5 min read
Prometheus with Azure Monitor: Unified Observability
Prometheus has become the standard for Kubernetes monitoring, but managing it at scale is challenging. Azure Monitor now supports Prometheus metrics, allowing you to use familiar PromQL while leveraging Azure’s managed infrastructure.
The Challenge
Self-managed Prometheus requires:
- Scaling for high-cardinality metrics
- Long-term storage solutions
- High availability configuration
- Alert manager setup
- Security management
Azure Monitor for Prometheus addresses these while maintaining compatibility.

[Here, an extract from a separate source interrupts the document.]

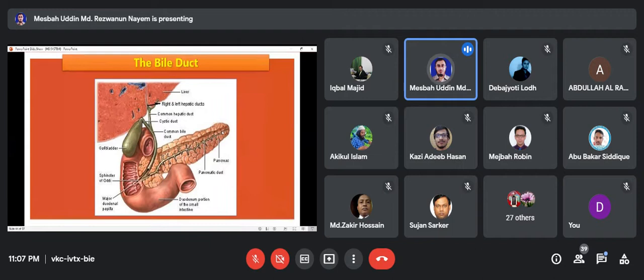When there is fatty food, the message is sent to the gallbladder. What do you have to use?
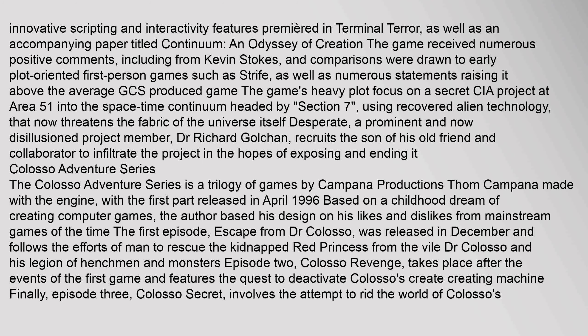Continuum features innovative scripting and interactivity, as well as an accompanying paper titled Continuum: An Odyssey of Creation. The game received numerous positive comments including from Kevin Stokes, and comparisons were drawn to early plot-oriented first-person games such as Strife. The game's heavy plot focuses on a secret CIA project at Area 51 into the space-time continuum, headed by Section 7 using recovered alien technology that now threatens the fabric of the universe. A prominent and now disillusioned project member, Dr. Richard Golchan, recruits the son of his old friend to infiltrate the project in the hopes of exposing and ending it.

Azure Monitor Managed Prometheus
Creating a Workspace
# Create Azure Monitor Workspace
az monitor account create \
--name my-prometheus-workspace \
--resource-group my-rg \
--location eastus
# Get workspace ID
WORKSPACE_ID=$(az monitor account show \
--name my-prometheus-workspace \
--resource-group my-rg \
--query id -o tsv)
Connecting AKS
# Enable Prometheus metrics on AKS
az aks update \
--name my-aks-cluster \
--resource-group my-rg \
--enable-azure-monitor-metrics \
--azure-monitor-workspace-resource-id $WORKSPACE_ID
This deploys:
- Metrics collection agents
- Recording rules processor
- Remote write endpoint
Prometheus Scrape Configuration
Customize what gets scraped:
# ama-metrics-prometheus-config ConfigMap
apiVersion: v1
kind: ConfigMap
metadata:
name: ama-metrics-prometheus-config
namespace: kube-system
data:
prometheus-config: |
global:
scrape_interval: 15s
evaluation_interval: 15s
scrape_configs:
# Kubernetes API servers
- job_name: 'kubernetes-apiservers'
kubernetes_sd_configs:
- role: endpoints
scheme: https
tls_config:
ca_file: /var/run/secrets/kubernetes.io/serviceaccount/ca.crt
bearer_token_file: /var/run/secrets/kubernetes.io/serviceaccount/token
relabel_configs:
- source_labels: [__meta_kubernetes_namespace, __meta_kubernetes_service_name, __meta_kubernetes_endpoint_port_name]
action: keep
regex: default;kubernetes;https
# Kubernetes nodes
- job_name: 'kubernetes-nodes'
kubernetes_sd_configs:
- role: node
relabel_configs:
- action: labelmap
regex: __meta_kubernetes_node_label_(.+)
# Application pods with prometheus.io annotations
- job_name: 'kubernetes-pods'
kubernetes_sd_configs:
- role: pod
relabel_configs:
- source_labels: [__meta_kubernetes_pod_annotation_prometheus_io_scrape]
action: keep
regex: true
- source_labels: [__meta_kubernetes_pod_annotation_prometheus_io_path]
action: replace
target_label: __metrics_path__
regex: (.+)
- source_labels: [__address__, __meta_kubernetes_pod_annotation_prometheus_io_port]
action: replace
regex: ([^:]+)(?::\d+)?;(\d+)
replacement: $1:$2
target_label: __address__
Querying with PromQL
Use Azure Monitor to query Prometheus metrics:
# Install Azure CLI extension
az extension add --name monitor-control-service
# Query metrics
az monitor metrics list \
--resource $WORKSPACE_ID \
--metric-namespace "prometheus" \
--metric "up" \
--start-time 2021-05-15T00:00:00Z \
--end-time 2021-05-15T01:00:00Z
In Grafana, connect to Azure Monitor Prometheus:
# Container CPU usage
sum(rate(container_cpu_usage_seconds_total{namespace="production"}[5m])) by (pod)
# Memory usage percentage
sum(container_memory_working_set_bytes{namespace="production"}) by (pod)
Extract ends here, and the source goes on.